It was evident that the Forest Service had done work up here, not only on the roads but on the trail up. An easy-to-follow trail next to a nice runoff stream had all been maintained; it made for an easy walk up.
“Look, some bear grass.” Kerri said, pointing to a puffy looking flower. The long stem only blooms in the late spring and early summer, and it was my first time seeing it looking so nice.
The hike was shorter than I thought it was going to be, and at first sight of the lake I immediately starting rigging up my rod.
“He wants to be the first one to catch a fish.” Mike told Kerri, as he slowly tied his fly on. Mike knew me too well, and I was the first one to cast my fly in the lake, but not the first one to catch a fish.
I hiked my way around the lake with little luck. The fish I got to take my fly shook me off quickly, and the decent fish I did bring in got away right as I was about to grab it for a picture.
“Let’s hike up to the second lake. This one usually fishes better around 2 o’clock.” Mike said, and up the hill we went. The steep hill to the second lake was short lived, and when the lake came into view, it was fantastic. I stood there for a minute. The rich smell of pine filled the air, along with the delicate hint of fresh water. Together, they made a fragrance no candle could reproduce. A fish rose within casting distance, tearing me from my trance.

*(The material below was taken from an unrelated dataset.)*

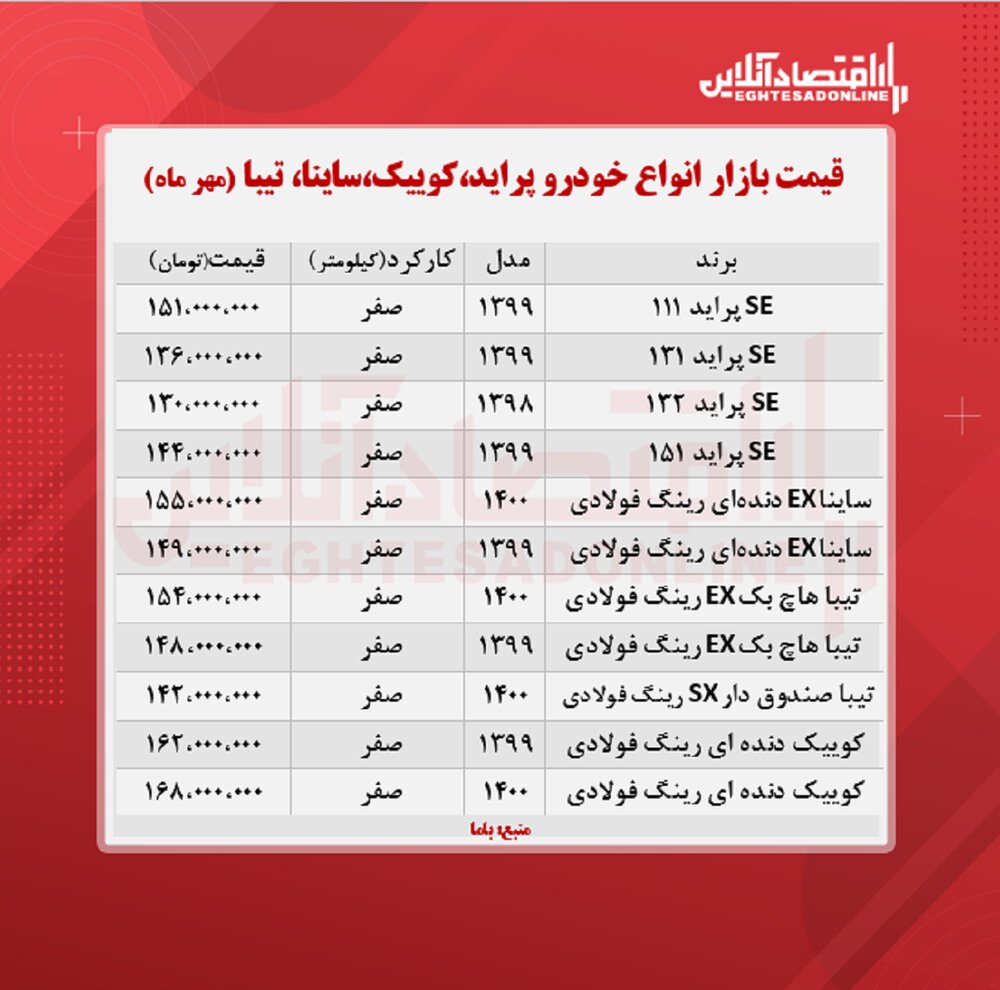 کوییک ۱۶۸ میلیون تومان شد/ تازه‌ترین قیمت پراید، ساینا و تیبا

I roll-casted my little green beetle and it was slammed almost immediately.
“You already have a fish?!” Mike said to me, as the cutthroat fought to get away.
“How long did you want me to wait?” I said with a smile.
The cutthroat were cooperating nicely. Just about every cast ended up being taken by a colorful fish. Both Mike and I started walking around the lake, stopping at openings to cast.
“You got another one?” Mike observed, fishing about 50 feet away.
“They are loving this little green beetle. Do you want one?” I asked.
“I have a few flies I can try.” Mike said, continuing to cast.
“Dont be a hero, Mike. I have more of these beetles if you want one.” I added, then walked over to the fallen tree that separated us, and stuck a green beetle on the stump.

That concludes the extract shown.